Also, these taps are intended for a 15A environment on 5-15 connectors, where overloading the taps is synonymous with overloading the circuit breaker. In residences, this is not a problem when most circuits are 15A, but in schools and commercial buildings almost all circuits are 20A. Likewise, almost all theatrical circuits are 20A. That means you can overload these taps without knowing it. In that regard, there is a problem with 5-15 parallel blade connectors being able to plug into 5-20 receptacles.


----------



## JD (Apr 23, 2010)

On the bright side, most of these do have a 15 amp push button breaker, limiting them to 15 amps.

Now for the downside-

Constant loads are a funny thing. (As in three S4's on for an hour.) What should work sometimes burns up anyway. Most of these strips are very cheap inside. Most using a marginal gauge thin metal strip to supply all of the outlets. 

Although I wouldn't think twice about using one to plug my computer and printer in, I would never use one in the stage environment. (imho)


----------



## derekleffew (Apr 23, 2010)

Footer said:


> ... Everything down stream of a breaker should be rated for the maximum rating of that circuit. ...


If that were true, 5-15 devices would NEVER be permitted on a circuit with a 20A OPD. Not to mention plugging in the SourceFour having 16g wire from the plug to the socket.


MNicolai said:


> ... There's not much room for error should the voltage drop, as it often does in long cable runs and through dimmer packs. ...


It doesn't work that way. As voltage decreases, so does the wattage:


> watts/WATTS = (volts/VOLTS)^1.6
> (not 'squared' as you would get with a fixed resistance)


For the record, I have nothing against using good quality cube taps in lieu of Edison twofers. Except for the fact that they're often too short, requiring jumpers. And some AHJs, especially in exhibit halls and convention centers, won't allow them. Their house, their rules.


----------



## len (Apr 24, 2010)

We use cube taps all the time. But 99% of the time the load on them is an LED fixture, which draws 35 - 50 watts, so no big deal. 

Chances are, if you're using conventional fixtures and edison cube taps, you're using shoebox dimmers (at least in my case it's true), which means most of the time it's one fixture per circuit anyway, so cube taps or two-fers would be useless. 

The problem I run into with good cube taps is that they're good and they tend to disappear.


----------



## Footer (Apr 24, 2010)

derekleffew said:


> If that were true, 5-15 devices would NEVER be permitted on a circuit with a 20A OPD. Not to mention plugging in the SourceFour having 16g wire from the plug to the socket.



The 15amp connector debate is one we have gone around and around on.

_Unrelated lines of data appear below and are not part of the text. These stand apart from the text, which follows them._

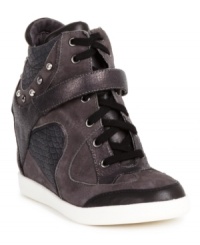 Kick your style into high gear. The Huxley wedge sneakers by GUESS feature velcro straps across the vamp and studs that line the ankle. Kick your style into high gear. The Huxley wedge sneakers by GUESS feature velcro straps across the vamp and studs that line the ankle.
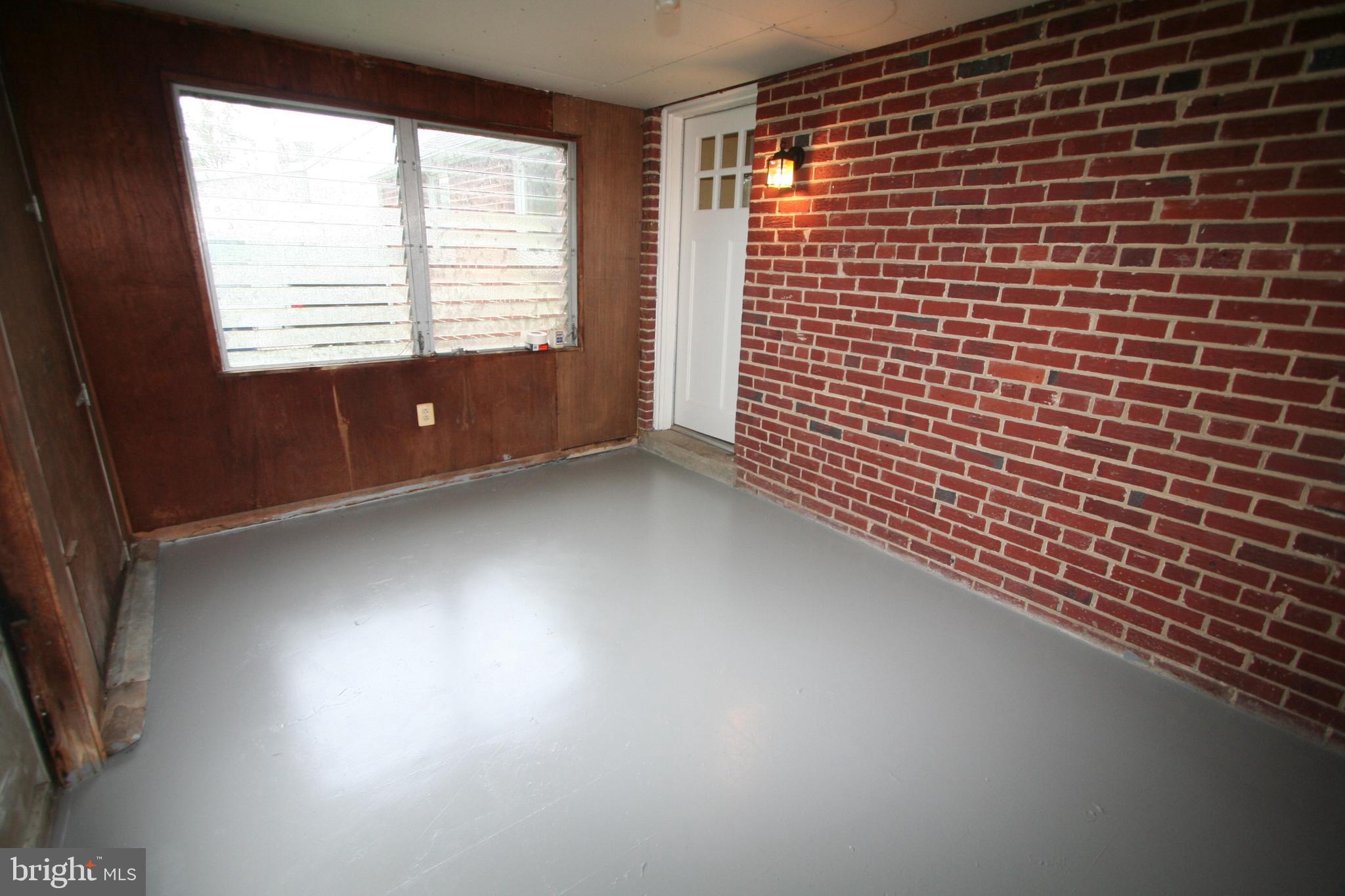 12718 Gould Road Silver Spring, MD 20906 - Photo 27 of 55 a view of an empty room with a window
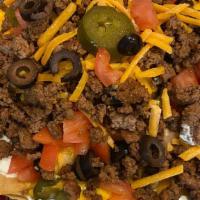 Loaded Nachos · BP Classic nachos are a dozen corn tortillas, cut, fried and generously topped with seasoned...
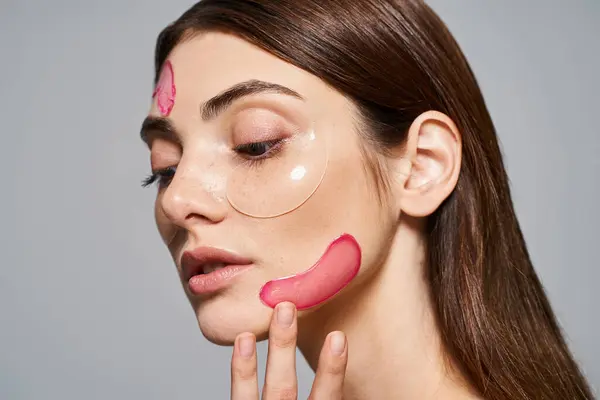 Una joven mujer caucásica con el pelo moreno tiene manchas de color rosa en la cara, creando un aspecto vibrante y artístico. - foto de stock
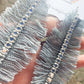 denim feather earrings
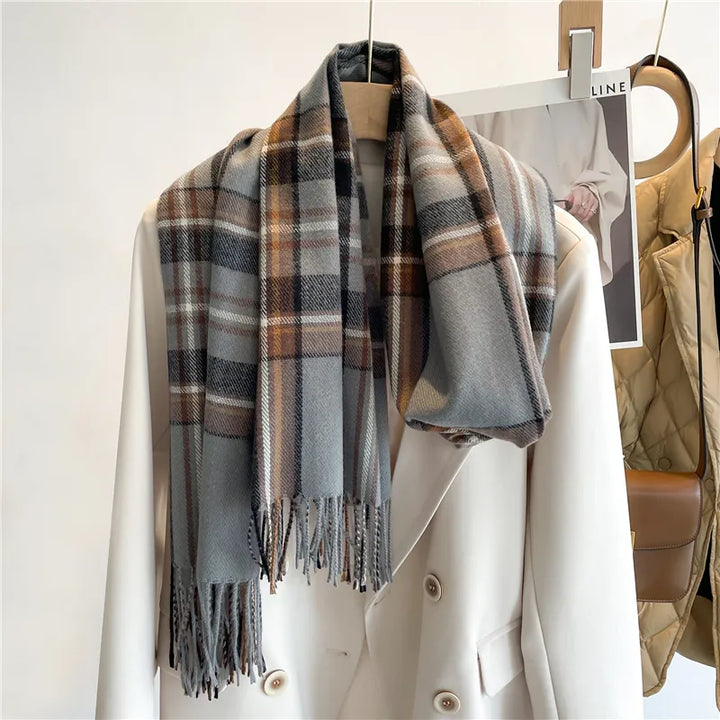 Grauer karierten Schal aus Wolle auf weißem Mantel, modisches Accessoire für Herbst und Winter.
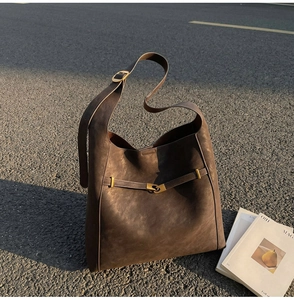 Close-up of matte dark brown leather texture and golden buckle on large hobo bag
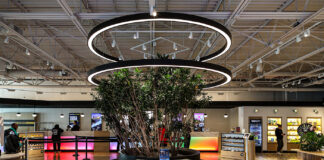 Revolution Cannabis: Blending Tech Innovation with Design Revolution dispensary interior in Illinois featuring modern circular lighting, lush greenery, and a sleek, open-concept layout designed for an intuitive shopping experience.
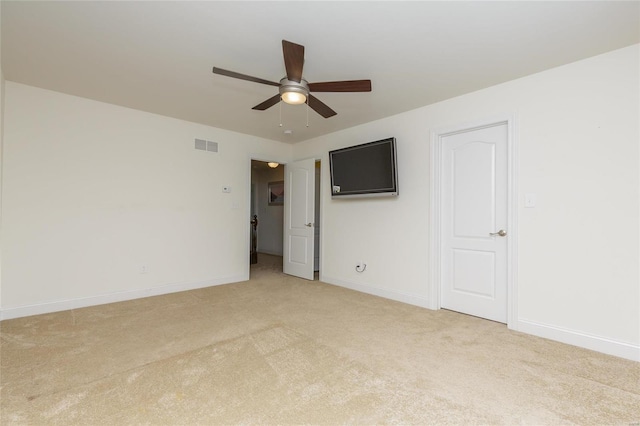 unfurnished room with light colored carpet and ceiling fan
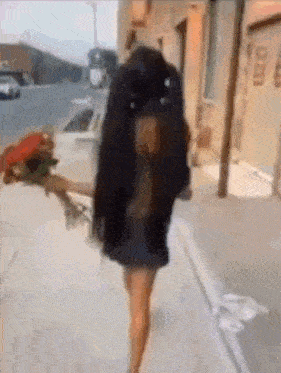 a woman is walking down the street with a bouquet of flowers in her hand .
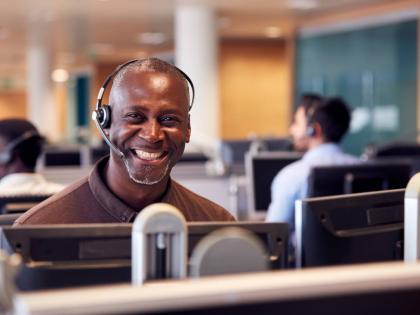 Representational image of a customer service executive interacting with a customer over the phone.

There is also a difference between a cable with a known load on the end and a cable that could have any load on the end.


----------



## MNicolai (Apr 24, 2010)

Derek, you raise a good point. My logic is faulty in that it suggests if voltage drops, current will be inversely proportional to it, eventually approaching infinity. That assumes constant brightness (and power), which is not the case. If that was true, you'd never be able to dim lights because as the dimmers reduced voltage, current would increase. The actual power draw relates purely to voltage and the hot resistance of the filament.

My point remains pretty much the same, though. It's less than .625 amps for a margin of safety assuming ideal conditions. Also, if these cube taps are close to the lighting fixtures, they will have to stand up to not only being pushed to their rated current draw, which will produce heat in the device, but also have to additionally withstand the high ambient temperatures of nearby lighting fixtures.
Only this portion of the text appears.